> _TRY IT_
The task calls for the lines from the start of the entries below through the line with "The page filters", given again verbatim, with every picture dropped.

> _Stored data entries_
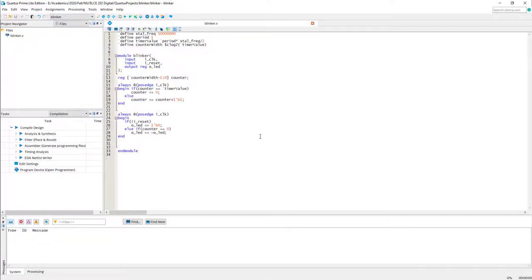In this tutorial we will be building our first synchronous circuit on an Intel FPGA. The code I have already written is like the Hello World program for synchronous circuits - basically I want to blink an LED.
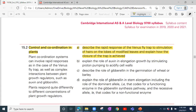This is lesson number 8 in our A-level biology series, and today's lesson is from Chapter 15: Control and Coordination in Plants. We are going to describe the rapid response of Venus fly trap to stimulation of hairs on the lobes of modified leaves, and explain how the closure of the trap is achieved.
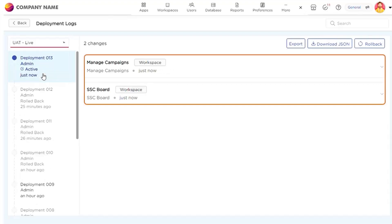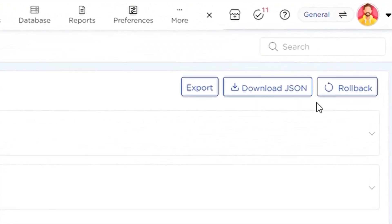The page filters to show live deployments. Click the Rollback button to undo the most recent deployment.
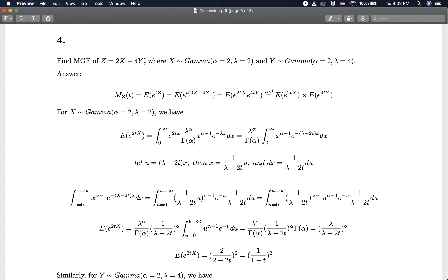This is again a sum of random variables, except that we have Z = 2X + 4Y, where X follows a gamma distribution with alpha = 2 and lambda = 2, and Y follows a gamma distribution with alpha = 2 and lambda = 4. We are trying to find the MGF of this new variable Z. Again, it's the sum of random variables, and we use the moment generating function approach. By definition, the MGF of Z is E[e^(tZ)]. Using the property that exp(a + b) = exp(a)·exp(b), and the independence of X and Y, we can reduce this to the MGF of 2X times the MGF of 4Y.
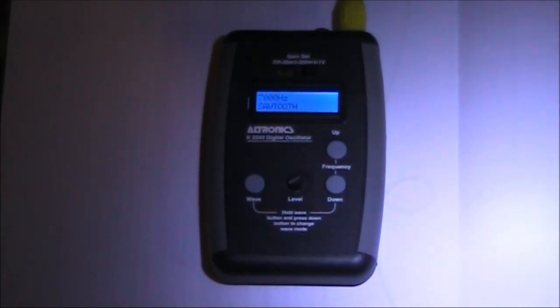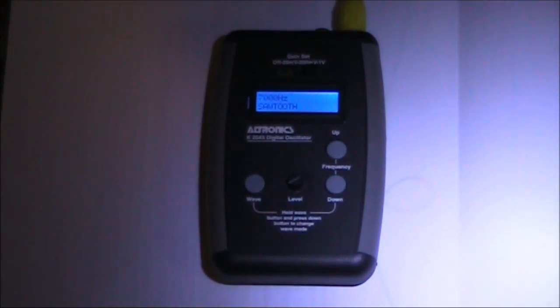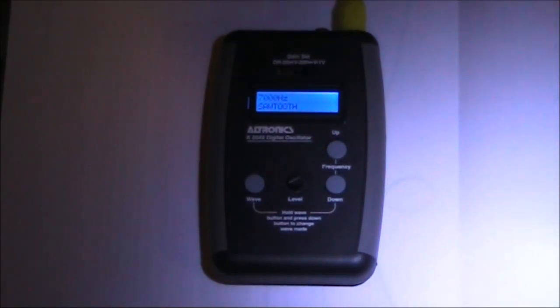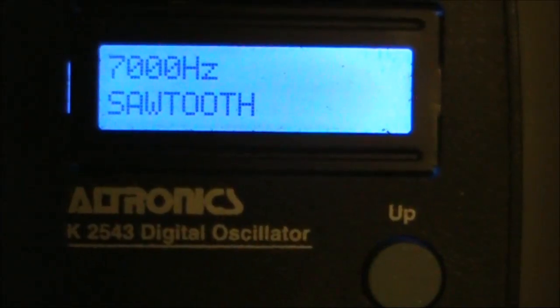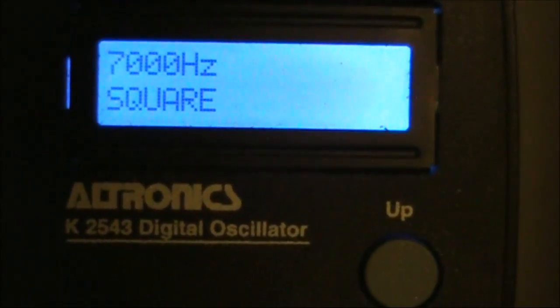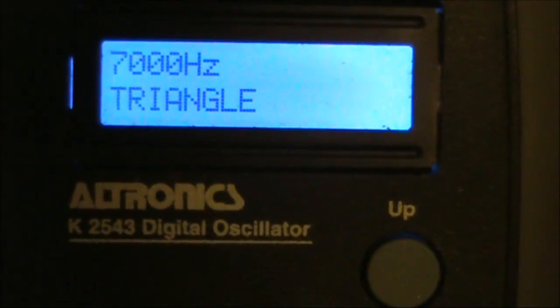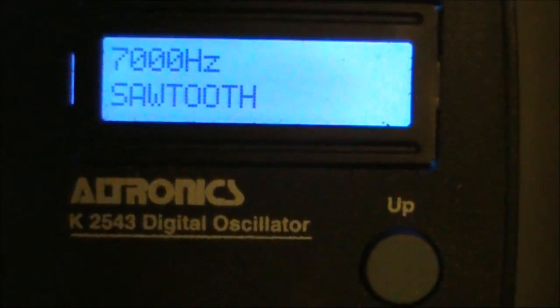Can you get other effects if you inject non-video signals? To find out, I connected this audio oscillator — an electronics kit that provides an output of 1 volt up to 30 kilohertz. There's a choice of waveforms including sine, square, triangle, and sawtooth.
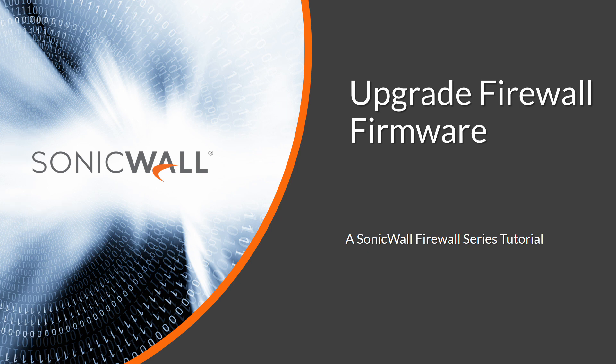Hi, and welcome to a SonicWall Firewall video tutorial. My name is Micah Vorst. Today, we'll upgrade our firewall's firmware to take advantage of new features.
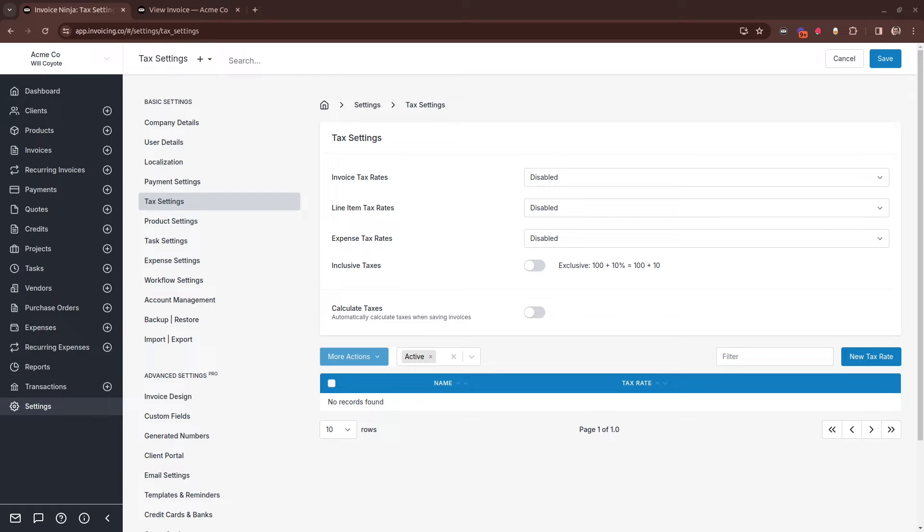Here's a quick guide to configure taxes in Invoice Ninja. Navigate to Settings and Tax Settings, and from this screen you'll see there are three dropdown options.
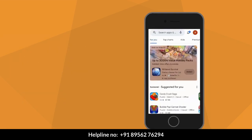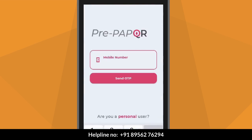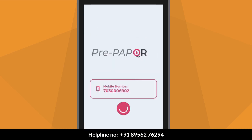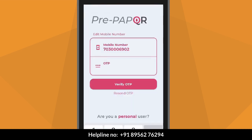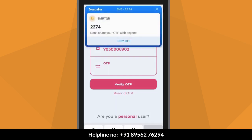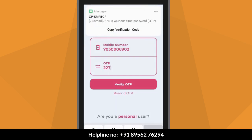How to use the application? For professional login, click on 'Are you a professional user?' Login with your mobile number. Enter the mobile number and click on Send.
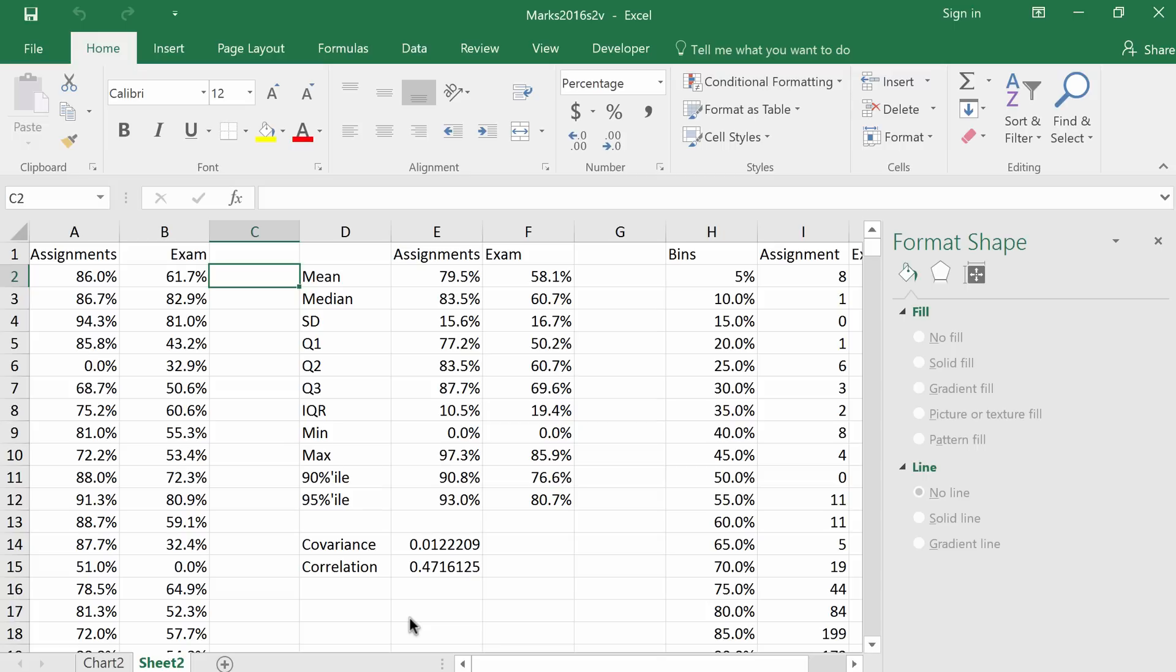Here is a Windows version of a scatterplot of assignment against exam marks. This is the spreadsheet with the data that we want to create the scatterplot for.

> _YOUR SOLUTION_
In this tutorial we will be building our first synchronous circuit on an Intel FPGA. The code I have already written is like the Hello World program for synchronous circuits - basically I want to blink an LED.
This is lesson number 8 in our A-level biology series, and today's lesson is from Chapter 15: Control and Coordination in Plants. We are going to describe the rapid response of Venus fly trap to stimulation of hairs on the lobes of modified leaves, and explain how the closure of the trap is achieved.
The page filters to show live deployments. Click the Rollback button to undo the most recent deployment.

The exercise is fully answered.